One day a strange man in uniform with muddy boots knocked on the door. He hugged Senka and whispered to her that Mašo had been killed. He left a paper bag with Mašo’s possessions on the table – a hanky, the case for his spectacles and his wallet. After the first few days of mourning, which are usually more ceremonious than sorrowful, and which demand a certain presence of mind to avoid the compassionate gazers who thrive on any sign of tears, Senka took out all the things that had been returned to her instead of Mašo. She touched each object in turn and finally opened the wallet. Inside she found fifty Deutschmarks – an amount that any cautious man perhaps would always carry with him – and odd scraps of paper with phone numbers and notes about plumbing. In the little plastic window was a photograph of Senka. The only purpose of the plastic window is to give a glimpse of your intimate life to strangers at supermarket checkouts. But the wallet also had a secret invisible compartment. Senka peeked into it and found a photograph of an unknown woman. On the back was written, “Always yours, Mirsada.” The handwriting was flowery with many loops. The next day Senka told the whole neighborhood what those “bastards from the brigade had done to her.” Angrily, then bitterly and in the end tearfully, she showed the incriminating photograph to the women, who tut-tutted and shook their heads.

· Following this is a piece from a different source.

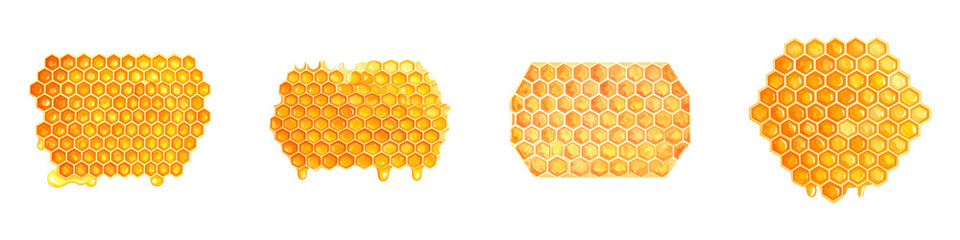 Golden honeycombs with hexagonal cells are displayed in various shapes.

They consoled her as she was leaving their houses and then immediately began to gossip about her. On the whole, everyone, except of course Senka, was pleased to discover that Mašo hadn’t been a saint. They secretly considered her pitiful for having revealed so publicly her shame, which she didn’t even acknowledge.
When, a fortnight or so later, the boys from the brigade came with a parcel for the wife of a dead comrade, she refused to open the door to them. She shouted at them through the door, making various threats and curses. When Senka declined the army handout, most of the neighbors just assumed that she had gone mad already. They pulled at the soldiers’ sleeves, trying to get them to leave the parcel, so that they could pass it on to Senka when she calmed down.
As time went by, the widespread compassion turned to ridicule. Nobody any longer wanted to hear her story about the inserted photograph, which had gradually acquired a thousand twists. On the other hand, Senka was always trying to come up with a story that would clear Mašo’s name. Each day she added new details. Yesterday’s reasons disappeared in a flash before today’s uncertainties. But the story about love’s young dream always triumphed in the end. Senka believed that she had to sacrifice everything, including her sanity. In this war-stricken town, deprived of hope, Senka had nothing to cling to but her story.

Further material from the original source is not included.